Task details
Using the entries below, copy exactly each line from the line with "Máquina de Lavar 13kg - Brastemp" up to and including the line with "چرا ساخت مسجد", with every picture left out.

Source material
╔══
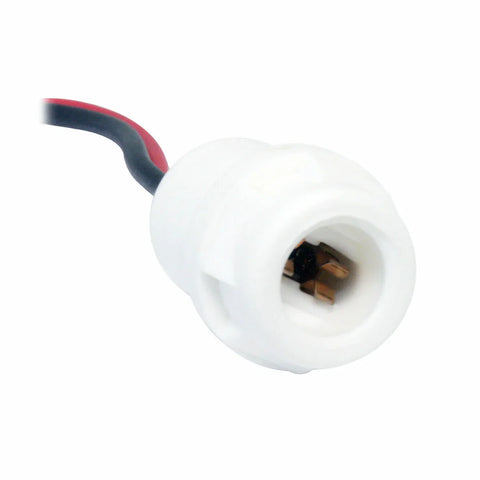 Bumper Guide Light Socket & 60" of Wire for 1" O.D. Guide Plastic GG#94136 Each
╚══
╔══
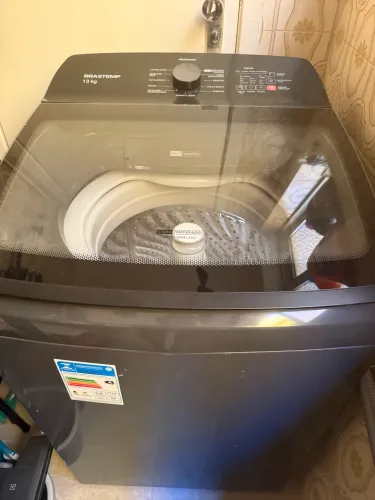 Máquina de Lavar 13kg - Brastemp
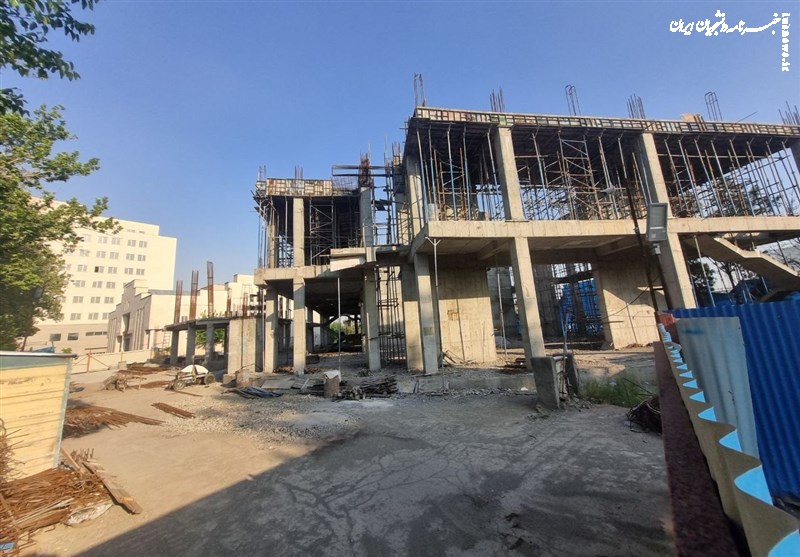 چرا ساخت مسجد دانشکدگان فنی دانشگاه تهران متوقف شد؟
╚══
╔══
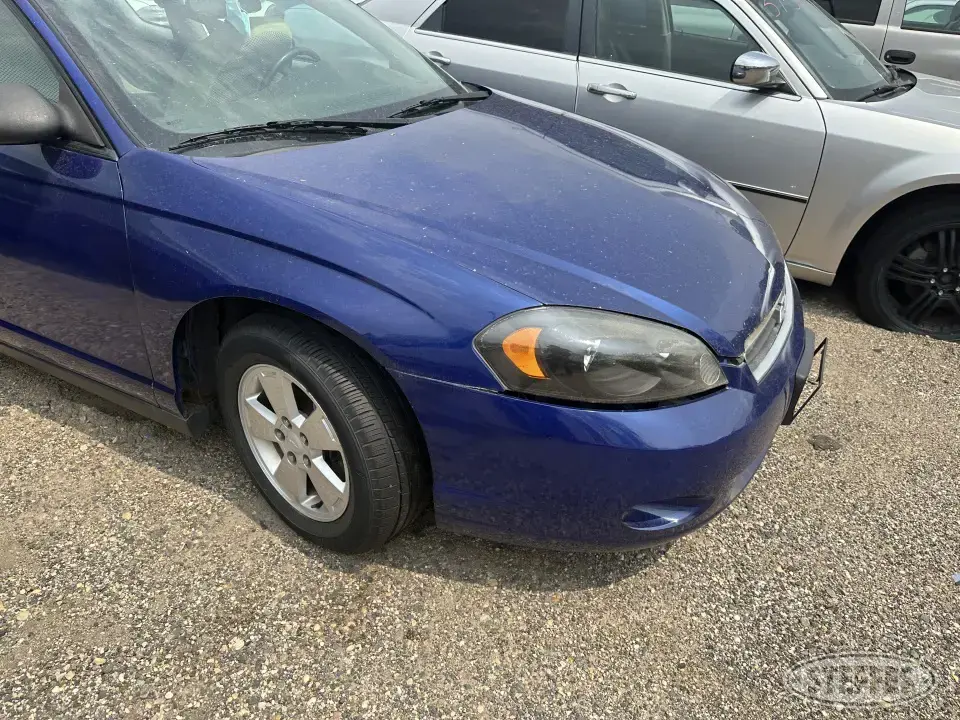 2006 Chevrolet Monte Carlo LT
╚══
Written answer
 Máquina de Lavar 13kg - Brastemp
 چرا ساخت مسجد دانشکدگان فنی دانشگاه تهران متوقف شد؟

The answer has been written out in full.